Posso fare questa modifica in tranquillita?? Intendo dire senza fare targizzipponi, come ho letto in altri 3ds, e fare lo stage4, oppure mi tocca proprio!

Ho anke pensato ke potrei direttamente ridurre la home di tipo 10 Gb e creare subito dopo una partizione reiser di uguale grandezza dove montarci tipo /usr...

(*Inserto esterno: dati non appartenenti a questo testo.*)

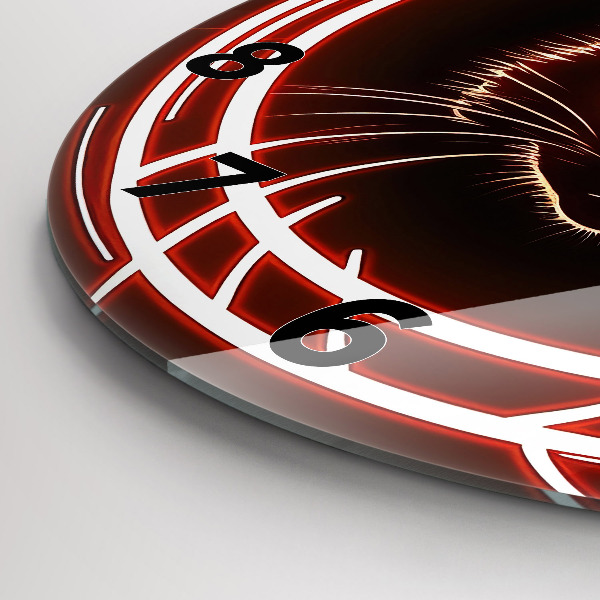 Okrúhle hodiny Mačka s červenými očami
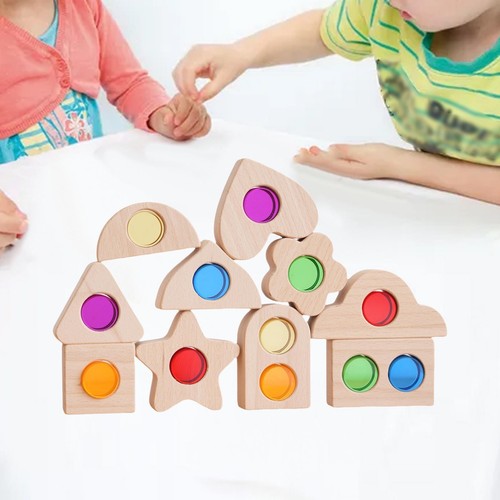 Wooden Building Blocks Set Construction Toys Birthday Gift Stacking Blocks - Picture 3 of 7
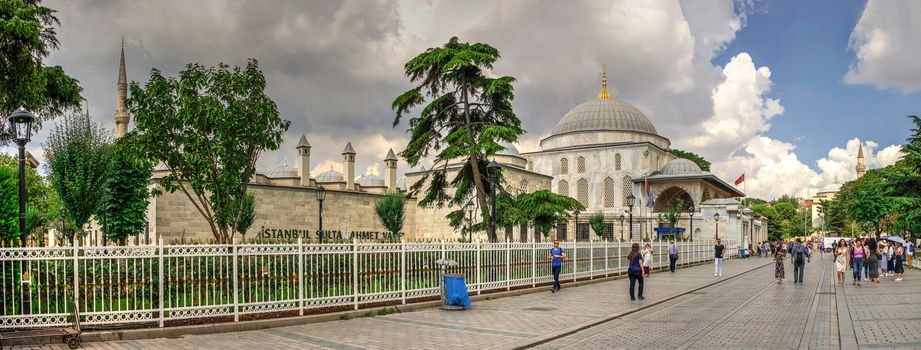 Istambul, Turkey – 07.12.2019. Tomb of Sultan Ahmet on a cloudy summer day, Istanbul, Turkey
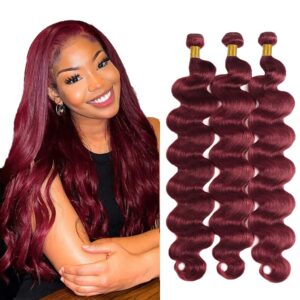 #99J Burgundy Bundles Human Hair Wine Red Body Wave Bundles 20 22 24 Inch Unprocessed Brazilian Virgin Hair 3 Bundle 50 Gram Per Bundle Deals Quick Weave Hair Extensions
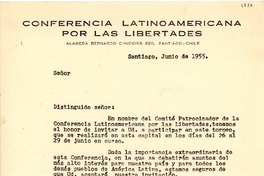 [Carta] 1955 jun., Santiago, Chile [a] Distinguido Señor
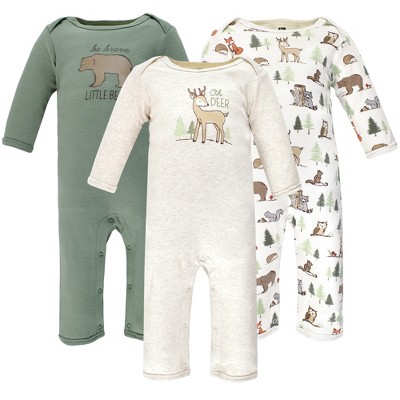Image of Hudson Baby Infant Boy Cotton Coveralls, Forest Animals, 9-12 Months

Ke ne dite  :Question:   :Question: 

Qual'e' secondo voi la soluzione migliore  :Question:   :Question:   E soprattutto.... quali strumenti posso usare per modificare la dimensione delle partizioni  :Question:   :Question: 

Grazie mille in anticipo!!!!

 :Razz:   :Razz:   :Razz: 

----------

## Cazzantonio

Esistono, come tu stesso hai affermato, migliaia di post, ma che dico... miliardi di post che trattano lo stesso identico argomento...  :Rolling Eyes: 

Sicuro di non poterne riesumare uno vecchio per chiedere informazioni?  :Rolling Eyes: 

----------

## CheCk_OuTSidE

Ok...

dopo ci guardo...

Adesso pappa!!!!!

 :Very Happy:   :Very Happy:   :Very Happy: 

----------

## fedeliallalinea

 *CheCk_OuTSidE wrote:*   

> Posso fare questa modifica in tranquillita?? Intendo dire senza fare targizzipponi, come ho letto in altri 3ds, e fare lo stage4, oppure mi tocca proprio!

 

Io i backup li farei in ogni caso, meglio stare siuri

 *CheCk_OuTSidE wrote:*   

> dopo ci guardo... 

 

Gia' fatto io. Ho mergiato il tuo post con questo thread

----------

## CheCk_OuTSidE

Grazie fedeli....

mo'h provo ad emergiare sto' qtparted...e vedo cosa dice il man...

CHissa'!!!

A dopo!! Speriamo bene... al massimo mi reinstallo la gentoo dallo stage 1....  :Wink: 

----------

## .:deadhead:.

(at) tutti

Ma il problema non si risolve molto semplicemente targizzando e salvando in luogo sicuro il file ottenuto, per poi scompattarlo a gioco di partizioni concluso? Alla fine, salvati i dati, si distrugge e poi si ricrea la/le partizioni e si scompatta il mega TAR precedentemente creato

(at) fede

ma per fare quel che vuoi tu (SwSuspend) il calcolo da fare non era $RAM+$RAM_sk_VIDEO+%un po' di MEGA ?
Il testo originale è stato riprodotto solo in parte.